Task requirements: Only the pictures are to be dropped; return all other data below exactly.

Data segment:
########

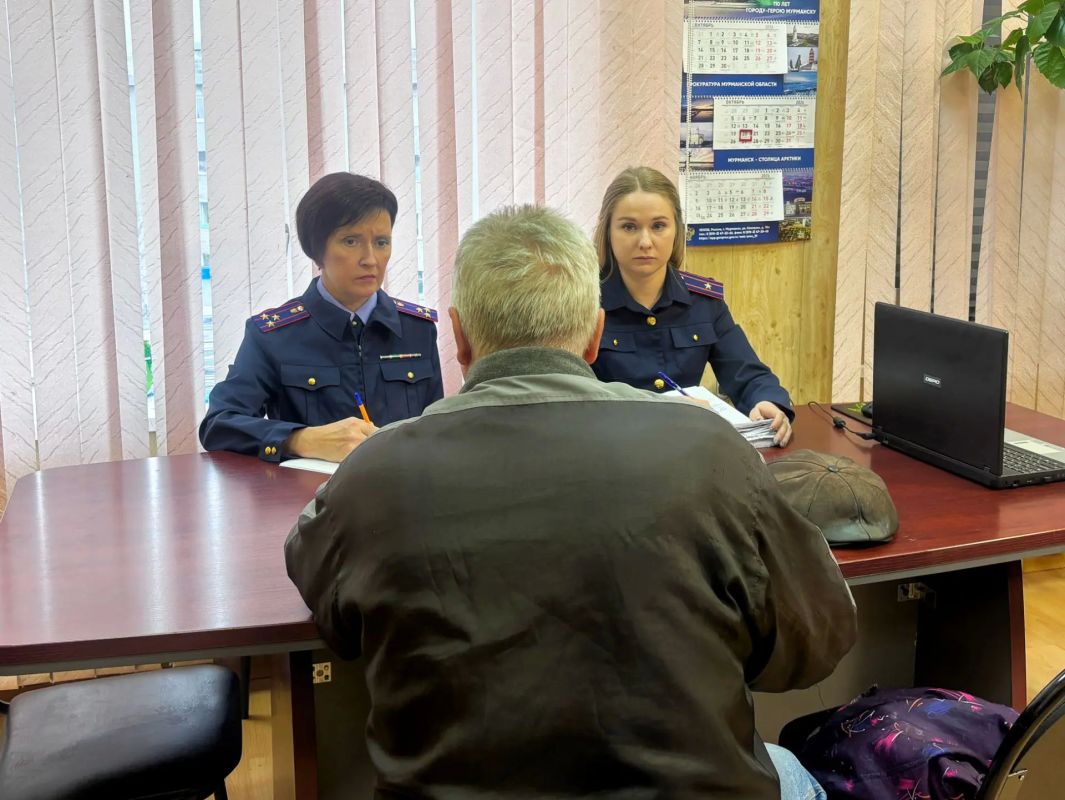 В приемной руководителя СУ СК России по Мурманской области состоялся личный прием жителей Мончегорска и Апатитов В приемной руководителя СУ СК России по Мурманской области состоялся личный прием жителей Мончегорска и Апатитов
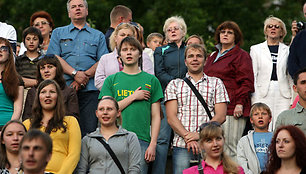 Kauniečiai Lietuvos himną giedojo festivalio "Operetė Kauno pilyje" metu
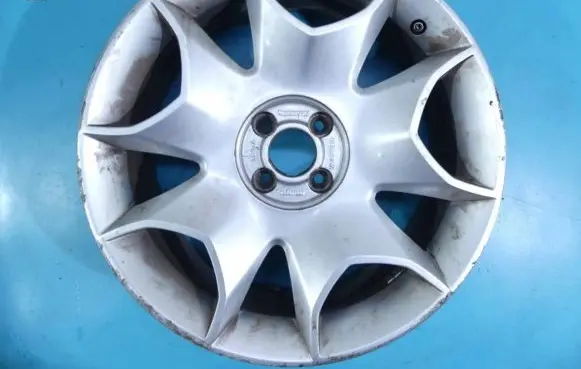 R16 alloy rim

########

Exercise solution:
 В приемной руководителя СУ СК России по Мурманской области состоялся личный прием жителей Мончегорска и Апатитов В приемной руководителя СУ СК России по Мурманской области состоялся личный прием жителей Мончегорска и Апатитов
 Kauniečiai Lietuvos himną giedojo festivalio "Operetė Kauno pilyje" metu
 R16 alloy rim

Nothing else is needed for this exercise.